The problem with questions like this are that 1. they invite the reader to project themselves into some specific scenario and answer based on that; and 2. those scenarios usually implicitly assume some kind of misbehaviour on the part of the trans woman.
For point 1.:
For instance, you suggested, "What if you are about to have a one night stand and you discover she has a penis"? Well, it wouldn't be transphobic to refuse to go ahead that evening, because maybe you aren't attracted to penises and that's a perfectly reasonable preference. The problem isn't that she's trans (plenty of trans women don't have penises), the problem is that you find a penis to be a deal-breaking characteristic.

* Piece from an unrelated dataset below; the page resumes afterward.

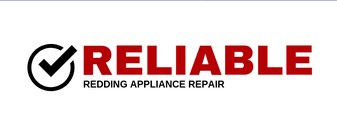 Image for Reliable Redding Appliance Repair with ID of: 3165234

You then suggested "What if it's your wedding day?" For most people, sexual compatibility has already been established - no surprise penises here - but there are a two reasons this might be a deal-breaker for you. (a) Maybe you feel upset that your fiancée didn't trust you with this part of her life story, and that makes you doubt the relationship. This would be a sad story, but not transphobic. (b) Maybe you are so disgusted at transness, intrinsically, that you can't go on with the relationship. This obviously is transphobic.
So the answer boils down to "if you break up with a trans woman because you're transphobic, you're transphobic, but if it's not because you're transphobic, you aren't transphobic," which is a tautology and makes the discussion stupid and meaningless.
For point 2.:
Discussions like this tie into a stream of rhetoric which is actually dangerous and has real life consequences for trans women. It propagates the idea that you would just "find out" that you've been "trapped" into having sex under false pretences; that trans women are essentially out to rape you. In fact the opposite is true, the advice in the trans community is always to disclose as early as possible. You want transphobes to know you are trans straight away so they can just type an angry rant and block you, because if you meet up with them then tell them you might get beaten up or killed.
In extremis, the
"trans panic" defence - based on the idea that trans women are trying to "trap" or "trick" men into having sex with them - has been used to literally justify the murder of trans women.
This isn't a conversation worth having, it's dumb schoolyard gooseberry fool based on regressive talking points.